Summary
upholding a preliminary injunction requiring election commissioners to provide voting assistance in Spanish to Spanish-speaking voters
Summary of this case from Ne. Ohio Coal. for the Homeless v. HustedOpinion
No. 73-1035.
Argued October 31, 1973.
Decided December 18, 1973.
Aldus S. Mitchell, Jr., Andrew M. Raucci, Chicago, Ill., for defendants-appellants.
Donald T. Bertucci, Wallace C. Winter, George C. Pontikes, Chicago, Ill., for plaintiffs-appellees.
Cesar A. Perales, Herbert Teitelbaum, New York City, for Puerto Rican Legal Defense and Education Fund, Inc., amicus curiae, for plaintiffs-appellees.
Appeal from the United States District Court for the Northern District of Illinois.
Before KILEY, PELL and SPRECHER, Circuit Judges.
This appeal challenges the propriety of a preliminary injunction entered October 30, 1972, requiring the Chicago Board of Election Commissioners to provide voting assistance in Spanish to U.S. citizens born in Puerto Rico who are unable to read or understand English.
One plaintiff, the Puerto Rican Organization for Political Action, is a not-for-profit corporation which seeks to further the participation of Spanish-speaking residents of Illinois in the political process.
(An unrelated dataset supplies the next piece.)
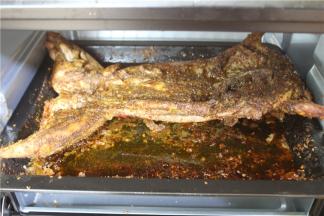 时间到后，再翻面刷一次油，150度烤15分钟；时间到后再次正反面各烤15分钟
The four individual plaintiffs and the class they represent are citizens of the United States by virtue of their birth in Puerto Rico. They were educated in Puerto Rican public schools, where the language of instruction is Spanish. They are now residents of Illinois and are registered to vote in Chicago. After hearing testimony and examining affidavits of class members, the district court found that plaintiffs and "many thousands" of other class members do not understand enough English to be able to vote effectively unless they have written instructions or verbal assistance in Spanish.
After the complaint was filed in September, the district court held a series of conferences with counsel for plaintiffs and for the defendant election commissioners to determine what kind of assistance in Spanish could be provided for the general election to be held November 7, 1972. Without conceding the merits of the complaint, defendants decided to make certain assistance available, but refused to enter into an agreement embodying their decision. The district judge, following a three-day hearing, entered the preliminary injunction, which apparently orders defendants to take the steps they said they intended to take.
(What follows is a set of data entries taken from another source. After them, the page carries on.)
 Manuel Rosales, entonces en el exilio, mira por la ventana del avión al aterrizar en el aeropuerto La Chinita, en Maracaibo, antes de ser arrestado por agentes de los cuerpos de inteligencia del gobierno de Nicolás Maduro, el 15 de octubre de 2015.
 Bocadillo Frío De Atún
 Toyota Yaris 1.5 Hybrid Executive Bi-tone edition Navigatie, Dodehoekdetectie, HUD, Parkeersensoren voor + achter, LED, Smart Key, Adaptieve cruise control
The first two sections of the preliminary injunction apply only to the November 7 election. They required the election commissioners to print Spanish translations of directions for using voting machines to be pasted over English instructions on specimen ballots. These ballots, along with posters in Spanish about assistance available to voters and cards in Spanish describing model voting machines, were to be placed in the polling places of various precincts of eleven wards.
Sections C and D of the preliminary injunction require defendants to "make all reasonable efforts" to appoint election judges who are bilingual in English and Spanish to fill vacancies in the designated precincts. Section E ordered reasonable efforts to place bilingual special judges in the specified polling places for the November 7 election.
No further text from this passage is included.